Steph Curry was drafted by the Warriors in 2009. He was a skinny prospect that wasn’t even considered the best point guard in his draft class. The Minnesota Timberwolves passed Curry twice, drafting playmakers Ricky Rubio and Jonny Flynn ahead of the Davidson playmaker.
Curry wasn’t the franchise player back then. Monta Ellis was the star guard while journeyman Acie Law took Curry’s minutes in crucial situations.
Two years after Steph Curry was drafted, Klay Thompson came on board. The Washington State standout wasn’t also considered the best shooting guard. That distinction supposedly went to Jimmer Fredette, who the Milwaukee Bucks drafted at No. 10 in 2011.
The Golden State Warriors didn’t make the playoffs in Mark Jackson’s first season with the team. In 2012, the Warriors decided to trade Monta Ellis instead of Curry to the Bucks for Andrew Bogut. Jackson, the front office, and Joe Lacob just made Curry the team’s franchise player and decided to build around him.

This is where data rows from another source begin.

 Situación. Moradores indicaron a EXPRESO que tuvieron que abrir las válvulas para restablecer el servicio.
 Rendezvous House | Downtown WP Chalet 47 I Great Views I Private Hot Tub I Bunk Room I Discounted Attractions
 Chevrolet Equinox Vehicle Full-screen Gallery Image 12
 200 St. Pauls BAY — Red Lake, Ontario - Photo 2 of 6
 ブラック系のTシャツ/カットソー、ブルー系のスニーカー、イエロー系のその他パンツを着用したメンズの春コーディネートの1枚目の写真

With Steph Curry and Klay Thompson leading the charge, the Warriors went to the playoffs in 2013 after missing the previous five seasons. Draymond Green, during that season, also started carving out a role for himself as a versatile backup big man who can defend all five positions.

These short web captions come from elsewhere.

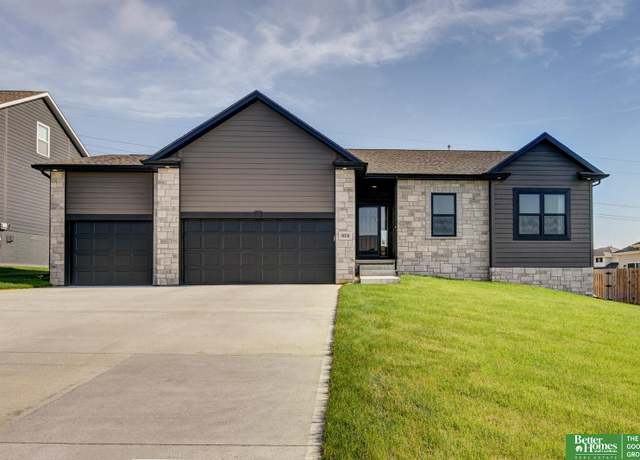 Property at 18316 George Miller Pkwy, Elkhorn, NE 68022, 3 beds, 2.5 baths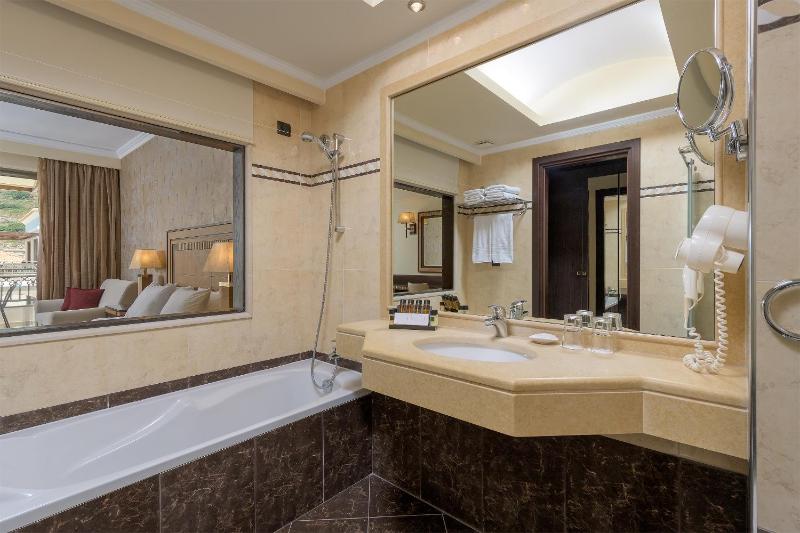 Luxury Suite Direct Pool Access image 2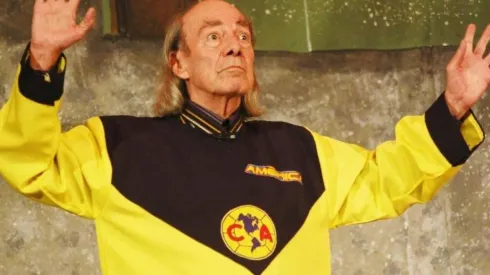 Playera especial en homenaje al Loco Valdés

Mark Jackson was fired after the 2013-14 season, but his impact on the backcourt, now called the Splash Brothers, was immeasurable. Curry, Thompson and Green have been at the center of the Warriors’ four championships over the last eight years.
Steph Curry has been spectacular while Klay Thompson is just starting to find his form
Steph Curry won unanimous MVP during the 2015-16 season, leading the league in scoring and steals. In 17 games this season, his numbers have rivaled the stats he put up in that historically great season.
His 31.6 points on 52.4% shooting, 6.6 rebounds and 7.2 assists are better than his 2015-16 campaign. The Golden State Warriors would have been in a worse situation than they are now if not for Curry’s early season onslaught.
Klay Thompson, on the other hand, has been terrible. Fans and critics alike have urged Steve Kerr to bench him. Before his explosion against the Houston Rockets, where he dropped 41 points, no one was sure vintage Thompson would resurface again.
Kerr refused to bench Klay Thompson, knowing that Steph Curry is at his best when his Splash Bro is on the court with him. If “Killa Klay” steadily improves and Curry sustains his blistering pace, the Warriors will be poised to defend their title.